Pontife ou inquiéteur ?

Ibsen commente ainsi Rosmersholm pour Björn Kristensen, auquel il écrit : « La pièce traite de la lutte que doit soutenir tout être humain sérieux contre lui-même pour mettre la conduite de sa vie en harmonie avec ses idées... Mais, avant tout, la pièce est naturellement une œuvre littéraire sur des êtres humains et des destinées humaines. » Il est clair, par conséquent, que le théoricien et l'artiste, le penseur et l'homme s'équilibrent dans cette œuvre. Aussi ne saurait-on réduire l'étude d'Ibsen à une nomenclature de thèses ou à une simple analyse esthétique. C'est l'homme Ibsen qui, finalement, fait le prix de son théâtre et si l'on s'appliquait à l'y voir, on apprécierait certainement davantage une œuvre qui, en définitive, résiste bien au temps. Or Ibsen fut un Norvégien, un génie universel et un extraordinaire homme de théâtre.

Un Norvégien

André Bellessort, qui connaissait bien les Scandinaves, voyait en eux « des âmes cellulaires ». Et il est vrai que le milieu nordique est plutôt laconique, replié sur soi, inhibé par une étrange timidité, absorbé dans de pesantes méditations qui ne se font jour que rarement, et alors avec violence, torturé par la nécessité de dire et d'agir et préférant souvent le silence au scandale, la résignation à l'action compromettante. Il s'ensuit que, sous des dehors collectivistes d'ailleurs dictés par les rigueurs du relief et du climat, les Norvégiens sont de farouches individualistes et qu'il n'est pas aisé de les percer à jour. Si Henrik Ibsen insiste tant sur l'intégrité de la conscience morale, dans Maison de poupée, par exemple, c'est qu'il n'a que trop éprouvé la force et comme la densité de cette faculté chez lui comme chez ses compatriotes ; de là aussi sa haine de la « compacte majorité », « le pire ennemi parmi nous de la vérité et de la liberté » (Un ennemi du peuple). Il le dit dans une lettre de 1872 : « La minorité a toujours raison » ; à Björnson en 1879, il réclame « que l'individu navigue sous son propre pavillon ». Les partis, les clans, les coteries, les idées toutes faites, les idéologies de rechange sont refuges commodes à qui éprouve, en même temps, la complexité de son être et l'extrême difficulté de l'exprimer : trait que les caractères latins, ouverts, bavards, curieux jusqu'à l'indiscrétion, ont toujours quelque peine à voir. L'ennemi juré d'Ibsen aura été le conformisme des Norvégiens, d'autant plus pénible qu'il tient de la résignation tragique. Et quand il exige que chacun soit lui-même, il demande que l'on sorte de cette réserve, de ce silence confortable, pour oser.

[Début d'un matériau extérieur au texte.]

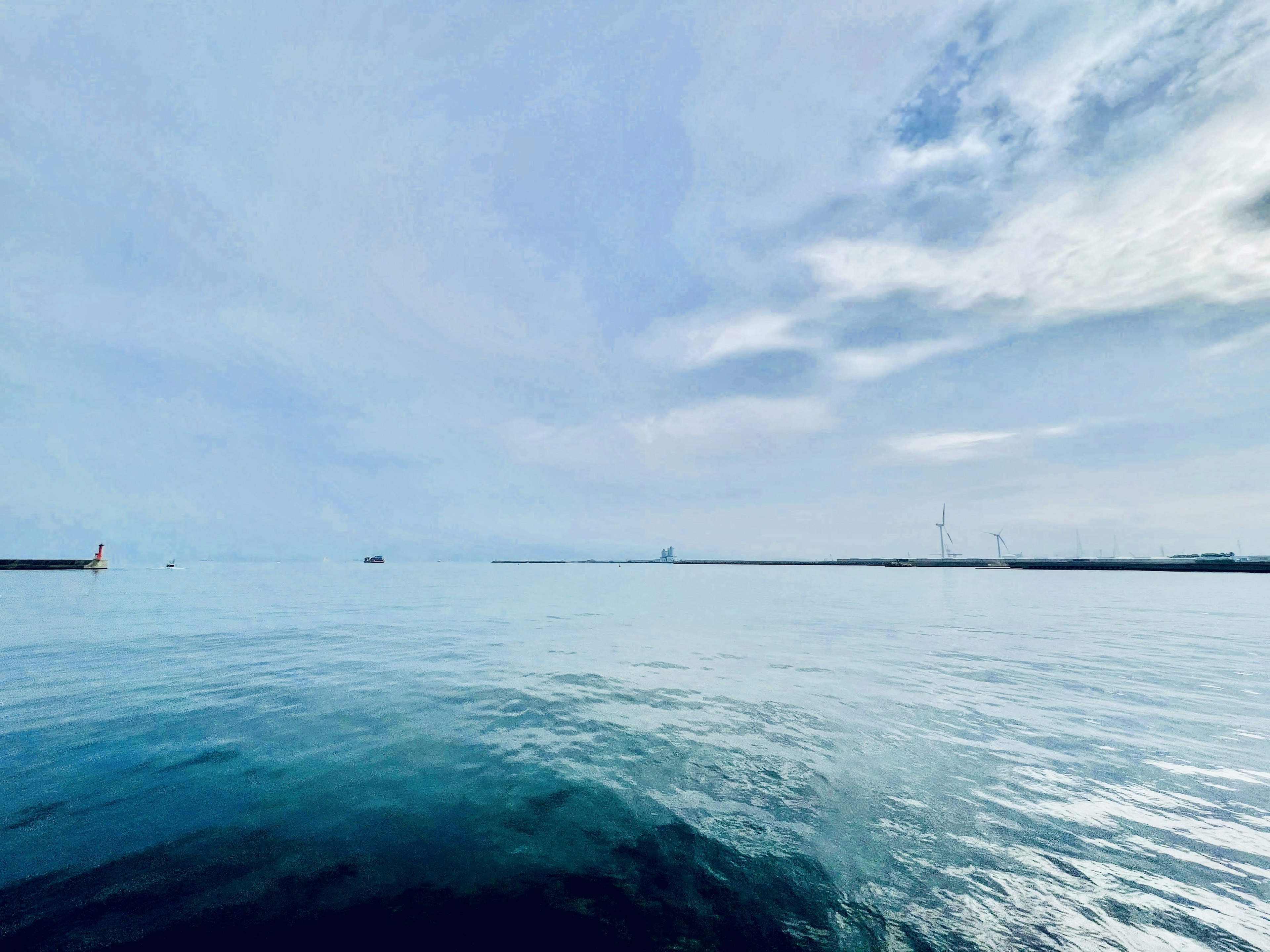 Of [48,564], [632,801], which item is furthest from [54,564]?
[632,801]

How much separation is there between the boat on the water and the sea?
6279 inches

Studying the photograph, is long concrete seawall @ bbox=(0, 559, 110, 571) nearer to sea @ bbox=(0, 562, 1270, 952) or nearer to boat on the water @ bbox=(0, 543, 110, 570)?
boat on the water @ bbox=(0, 543, 110, 570)

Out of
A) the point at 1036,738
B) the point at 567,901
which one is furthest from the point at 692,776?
the point at 1036,738

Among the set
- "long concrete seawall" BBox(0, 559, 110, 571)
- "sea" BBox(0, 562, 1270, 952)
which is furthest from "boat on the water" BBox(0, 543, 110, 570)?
"sea" BBox(0, 562, 1270, 952)

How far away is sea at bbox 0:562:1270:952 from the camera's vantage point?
20.8ft

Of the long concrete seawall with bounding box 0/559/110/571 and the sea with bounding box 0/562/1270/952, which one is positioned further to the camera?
the long concrete seawall with bounding box 0/559/110/571

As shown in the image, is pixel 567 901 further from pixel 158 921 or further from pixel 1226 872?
pixel 1226 872

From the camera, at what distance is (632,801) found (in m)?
9.60

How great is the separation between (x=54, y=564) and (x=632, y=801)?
198 meters

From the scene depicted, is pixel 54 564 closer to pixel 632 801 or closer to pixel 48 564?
pixel 48 564

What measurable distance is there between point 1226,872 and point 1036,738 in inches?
239

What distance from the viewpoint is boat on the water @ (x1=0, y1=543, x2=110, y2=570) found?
13138 cm

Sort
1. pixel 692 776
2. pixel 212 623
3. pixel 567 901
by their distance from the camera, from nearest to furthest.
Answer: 1. pixel 567 901
2. pixel 692 776
3. pixel 212 623

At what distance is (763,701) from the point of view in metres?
16.4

Ainsi l'individualisme mène-t-il au culte de la sincérité et au respect de la vocation personnelle : telle apparaît l'idée-force et le leitmotiv de son œuvre. Confort, joie de vivre, bonheur même, tout doit s'effacer devant cette exigence capitale qui peut prendre toutes les nuances possibles. Il l'écrit à Laura Kieler : « L'essentiel est d'être sincère et vrai vis-à-vis de soi-même. Il ne s'agit pas de vouloir ceci ou cela, mais de vouloir ce que l'on doit absolument vouloir, parce que l'on est soi, et qu'on ne peut pas faire autrement. Tout le reste ne conduit qu'au mensonge. » Le mot clef est lâché : cette œuvre qui s'applique inlassablement à distinguer le vrai du faux, à démêler dans l'individu comme dans la société le fabriqué de l'authentique, s'élève durement contre « le mensonge vital », ce mélange d'apathie, de conformisme et de bonne conscience dont souffrent Peer Gynt et Stensgaard. L'auteur y reviendra jusque dans son testament dramatique : Quand nous nous réveillerons d'entre les[...]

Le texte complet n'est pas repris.